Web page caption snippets
Start of Block

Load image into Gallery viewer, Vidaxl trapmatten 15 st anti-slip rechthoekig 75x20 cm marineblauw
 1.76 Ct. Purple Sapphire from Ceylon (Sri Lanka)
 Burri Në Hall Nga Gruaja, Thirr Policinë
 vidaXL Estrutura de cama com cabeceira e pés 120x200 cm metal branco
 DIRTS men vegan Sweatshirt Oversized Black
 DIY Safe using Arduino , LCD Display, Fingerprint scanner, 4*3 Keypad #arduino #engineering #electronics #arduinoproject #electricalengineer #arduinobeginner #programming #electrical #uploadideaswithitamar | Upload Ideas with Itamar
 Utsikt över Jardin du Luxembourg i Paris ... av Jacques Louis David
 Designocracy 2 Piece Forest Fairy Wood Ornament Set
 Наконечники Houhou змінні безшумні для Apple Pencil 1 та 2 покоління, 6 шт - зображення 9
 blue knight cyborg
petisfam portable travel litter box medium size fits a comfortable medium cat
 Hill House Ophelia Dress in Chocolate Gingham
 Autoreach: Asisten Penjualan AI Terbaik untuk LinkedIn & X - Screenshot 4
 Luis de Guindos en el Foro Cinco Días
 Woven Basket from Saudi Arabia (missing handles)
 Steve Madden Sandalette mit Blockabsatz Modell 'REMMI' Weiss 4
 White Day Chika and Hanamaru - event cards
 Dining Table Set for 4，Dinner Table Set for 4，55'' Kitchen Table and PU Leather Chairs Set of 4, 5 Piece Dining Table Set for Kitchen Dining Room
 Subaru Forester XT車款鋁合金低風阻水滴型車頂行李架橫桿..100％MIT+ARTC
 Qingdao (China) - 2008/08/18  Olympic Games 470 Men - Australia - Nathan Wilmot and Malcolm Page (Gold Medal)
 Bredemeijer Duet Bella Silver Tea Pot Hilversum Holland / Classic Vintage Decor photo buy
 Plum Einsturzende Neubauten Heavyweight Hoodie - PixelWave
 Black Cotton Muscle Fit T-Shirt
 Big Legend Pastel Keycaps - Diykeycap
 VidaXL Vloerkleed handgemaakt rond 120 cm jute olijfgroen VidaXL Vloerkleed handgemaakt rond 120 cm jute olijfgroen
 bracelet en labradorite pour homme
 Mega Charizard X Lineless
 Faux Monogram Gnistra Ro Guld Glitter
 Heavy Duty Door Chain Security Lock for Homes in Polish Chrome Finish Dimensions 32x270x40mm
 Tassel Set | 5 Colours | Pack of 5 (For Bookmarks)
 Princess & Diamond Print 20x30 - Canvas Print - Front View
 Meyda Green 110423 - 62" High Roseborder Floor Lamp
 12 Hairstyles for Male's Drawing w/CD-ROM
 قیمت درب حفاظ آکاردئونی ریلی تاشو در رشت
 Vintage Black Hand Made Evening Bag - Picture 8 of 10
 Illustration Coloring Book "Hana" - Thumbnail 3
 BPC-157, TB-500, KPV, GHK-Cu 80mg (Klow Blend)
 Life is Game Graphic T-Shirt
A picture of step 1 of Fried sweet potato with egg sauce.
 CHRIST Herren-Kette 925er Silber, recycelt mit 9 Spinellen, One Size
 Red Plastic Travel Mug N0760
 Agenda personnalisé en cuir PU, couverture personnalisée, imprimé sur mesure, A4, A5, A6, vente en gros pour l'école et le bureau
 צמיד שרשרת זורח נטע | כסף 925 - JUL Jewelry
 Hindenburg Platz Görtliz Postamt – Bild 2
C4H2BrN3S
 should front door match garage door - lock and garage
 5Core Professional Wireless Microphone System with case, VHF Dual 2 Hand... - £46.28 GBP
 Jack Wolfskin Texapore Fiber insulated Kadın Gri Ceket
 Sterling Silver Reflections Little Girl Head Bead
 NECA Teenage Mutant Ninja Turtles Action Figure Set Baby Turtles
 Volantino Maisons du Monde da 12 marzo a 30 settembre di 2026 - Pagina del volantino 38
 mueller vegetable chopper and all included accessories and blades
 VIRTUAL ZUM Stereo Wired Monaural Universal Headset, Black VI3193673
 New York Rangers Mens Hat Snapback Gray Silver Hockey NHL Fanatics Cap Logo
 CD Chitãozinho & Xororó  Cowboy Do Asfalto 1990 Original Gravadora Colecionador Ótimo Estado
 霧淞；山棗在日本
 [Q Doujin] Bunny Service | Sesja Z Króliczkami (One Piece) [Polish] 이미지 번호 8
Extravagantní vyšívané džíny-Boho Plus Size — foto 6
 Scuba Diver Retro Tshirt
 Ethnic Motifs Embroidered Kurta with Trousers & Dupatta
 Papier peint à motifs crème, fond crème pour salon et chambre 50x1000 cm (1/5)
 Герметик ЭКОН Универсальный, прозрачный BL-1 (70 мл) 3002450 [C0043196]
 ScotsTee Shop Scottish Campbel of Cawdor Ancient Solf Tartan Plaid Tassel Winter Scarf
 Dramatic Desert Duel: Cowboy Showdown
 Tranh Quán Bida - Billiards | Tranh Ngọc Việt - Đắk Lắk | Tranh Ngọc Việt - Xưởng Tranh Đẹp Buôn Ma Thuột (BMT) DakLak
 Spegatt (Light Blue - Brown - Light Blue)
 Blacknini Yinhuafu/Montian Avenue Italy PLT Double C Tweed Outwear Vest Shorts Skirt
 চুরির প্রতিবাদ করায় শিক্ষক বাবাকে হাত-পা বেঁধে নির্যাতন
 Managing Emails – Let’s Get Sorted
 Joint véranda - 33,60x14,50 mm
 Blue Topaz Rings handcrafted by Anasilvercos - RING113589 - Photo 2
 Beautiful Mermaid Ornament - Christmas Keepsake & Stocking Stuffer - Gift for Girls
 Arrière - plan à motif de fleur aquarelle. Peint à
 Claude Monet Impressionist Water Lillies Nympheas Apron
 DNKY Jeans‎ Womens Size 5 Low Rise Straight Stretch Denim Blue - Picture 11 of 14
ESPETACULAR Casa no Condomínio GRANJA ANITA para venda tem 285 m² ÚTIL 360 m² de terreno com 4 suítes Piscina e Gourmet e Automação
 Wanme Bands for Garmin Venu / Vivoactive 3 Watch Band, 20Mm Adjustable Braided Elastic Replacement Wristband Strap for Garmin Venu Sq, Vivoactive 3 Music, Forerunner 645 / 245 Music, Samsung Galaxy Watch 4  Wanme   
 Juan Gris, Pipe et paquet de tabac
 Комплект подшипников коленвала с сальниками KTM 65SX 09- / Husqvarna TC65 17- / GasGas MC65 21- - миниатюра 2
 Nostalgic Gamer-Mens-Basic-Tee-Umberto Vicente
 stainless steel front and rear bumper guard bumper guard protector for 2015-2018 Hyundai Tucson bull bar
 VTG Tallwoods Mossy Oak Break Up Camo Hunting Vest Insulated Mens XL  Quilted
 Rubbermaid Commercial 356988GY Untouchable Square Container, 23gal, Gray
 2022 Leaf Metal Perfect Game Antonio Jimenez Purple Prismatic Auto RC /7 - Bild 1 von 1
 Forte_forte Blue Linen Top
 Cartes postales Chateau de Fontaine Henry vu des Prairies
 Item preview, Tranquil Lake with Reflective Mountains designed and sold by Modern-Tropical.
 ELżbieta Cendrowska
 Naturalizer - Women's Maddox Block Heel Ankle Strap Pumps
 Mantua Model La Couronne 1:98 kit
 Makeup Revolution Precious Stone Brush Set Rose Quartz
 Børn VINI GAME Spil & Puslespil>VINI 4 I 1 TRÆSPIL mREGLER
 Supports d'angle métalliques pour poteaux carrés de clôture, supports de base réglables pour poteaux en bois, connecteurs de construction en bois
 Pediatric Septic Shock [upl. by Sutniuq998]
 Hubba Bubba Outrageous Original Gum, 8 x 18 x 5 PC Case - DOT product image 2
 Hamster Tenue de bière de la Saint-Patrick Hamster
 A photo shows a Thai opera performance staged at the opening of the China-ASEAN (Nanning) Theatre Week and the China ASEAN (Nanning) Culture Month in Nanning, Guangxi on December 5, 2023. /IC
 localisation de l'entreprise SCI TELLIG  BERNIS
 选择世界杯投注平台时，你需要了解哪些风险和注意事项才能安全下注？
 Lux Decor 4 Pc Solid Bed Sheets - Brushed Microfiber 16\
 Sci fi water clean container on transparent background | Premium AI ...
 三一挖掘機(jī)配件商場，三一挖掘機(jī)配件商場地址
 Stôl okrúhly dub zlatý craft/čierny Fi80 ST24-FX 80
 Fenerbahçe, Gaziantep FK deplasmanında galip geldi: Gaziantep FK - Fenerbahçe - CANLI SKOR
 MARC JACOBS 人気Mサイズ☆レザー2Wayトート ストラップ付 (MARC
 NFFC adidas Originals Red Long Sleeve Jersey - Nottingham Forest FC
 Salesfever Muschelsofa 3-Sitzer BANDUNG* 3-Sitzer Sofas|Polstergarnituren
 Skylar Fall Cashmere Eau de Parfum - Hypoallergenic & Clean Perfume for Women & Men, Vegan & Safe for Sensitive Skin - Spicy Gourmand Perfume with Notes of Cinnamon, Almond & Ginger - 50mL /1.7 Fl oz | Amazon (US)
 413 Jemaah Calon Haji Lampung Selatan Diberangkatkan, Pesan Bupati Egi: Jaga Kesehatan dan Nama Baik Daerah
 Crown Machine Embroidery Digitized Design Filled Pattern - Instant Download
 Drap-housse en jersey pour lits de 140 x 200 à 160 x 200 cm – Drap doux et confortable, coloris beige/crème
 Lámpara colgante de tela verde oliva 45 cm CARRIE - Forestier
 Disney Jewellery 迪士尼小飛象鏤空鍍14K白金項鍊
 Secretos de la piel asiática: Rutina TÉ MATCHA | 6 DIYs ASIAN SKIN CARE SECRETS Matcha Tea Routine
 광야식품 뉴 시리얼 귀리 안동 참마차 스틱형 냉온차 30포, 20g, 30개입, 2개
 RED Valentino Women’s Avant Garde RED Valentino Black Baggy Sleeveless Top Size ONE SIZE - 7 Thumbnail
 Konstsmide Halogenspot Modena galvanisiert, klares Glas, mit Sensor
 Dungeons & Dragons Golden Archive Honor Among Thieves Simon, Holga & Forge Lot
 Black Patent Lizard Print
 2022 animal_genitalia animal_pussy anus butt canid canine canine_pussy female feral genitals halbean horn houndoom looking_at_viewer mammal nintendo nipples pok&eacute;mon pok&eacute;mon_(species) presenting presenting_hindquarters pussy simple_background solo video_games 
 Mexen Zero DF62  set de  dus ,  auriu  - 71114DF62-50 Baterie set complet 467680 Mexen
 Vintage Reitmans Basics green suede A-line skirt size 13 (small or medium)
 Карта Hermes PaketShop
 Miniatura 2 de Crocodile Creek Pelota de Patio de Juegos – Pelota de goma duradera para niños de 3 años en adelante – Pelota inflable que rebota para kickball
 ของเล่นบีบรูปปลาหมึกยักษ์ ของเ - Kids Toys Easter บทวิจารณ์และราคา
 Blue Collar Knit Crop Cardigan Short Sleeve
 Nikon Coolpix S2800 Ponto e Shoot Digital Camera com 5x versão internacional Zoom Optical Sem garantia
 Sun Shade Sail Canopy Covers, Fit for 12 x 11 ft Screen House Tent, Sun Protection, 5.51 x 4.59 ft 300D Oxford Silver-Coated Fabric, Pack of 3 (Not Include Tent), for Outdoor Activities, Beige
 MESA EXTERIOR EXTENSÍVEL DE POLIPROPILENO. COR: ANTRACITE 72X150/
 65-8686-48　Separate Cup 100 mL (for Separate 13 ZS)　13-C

End of Block

# [WHAT YOU WILL DO]
Both the line containing "Joint véranda - 33,60x14,50 mm" and the line containing "Rubbermaid Commercial 356988GY" belong in the answer. Print them and every line above that falls between them exactly, and no others.

# [ANSWER]
 Joint véranda - 33,60x14,50 mm
 Blue Topaz Rings handcrafted by Anasilvercos - RING113589 - Photo 2
 Beautiful Mermaid Ornament - Christmas Keepsake & Stocking Stuffer - Gift for Girls
 Arrière - plan à motif de fleur aquarelle. Peint à
 Claude Monet Impressionist Water Lillies Nympheas Apron
 DNKY Jeans‎ Womens Size 5 Low Rise Straight Stretch Denim Blue - Picture 11 of 14
ESPETACULAR Casa no Condomínio GRANJA ANITA para venda tem 285 m² ÚTIL 360 m² de terreno com 4 suítes Piscina e Gourmet e Automação
 Wanme Bands for Garmin Venu / Vivoactive 3 Watch Band, 20Mm Adjustable Braided Elastic Replacement Wristband Strap for Garmin Venu Sq, Vivoactive 3 Music, Forerunner 645 / 245 Music, Samsung Galaxy Watch 4  Wanme   
 Juan Gris, Pipe et paquet de tabac
 Комплект подшипников коленвала с сальниками KTM 65SX 09- / Husqvarna TC65 17- / GasGas MC65 21- - миниатюра 2
 Nostalgic Gamer-Mens-Basic-Tee-Umberto Vicente
 stainless steel front and rear bumper guard bumper guard protector for 2015-2018 Hyundai Tucson bull bar
 VTG Tallwoods Mossy Oak Break Up Camo Hunting Vest Insulated Mens XL  Quilted
 Rubbermaid Commercial 356988GY Untouchable Square Container, 23gal, Gray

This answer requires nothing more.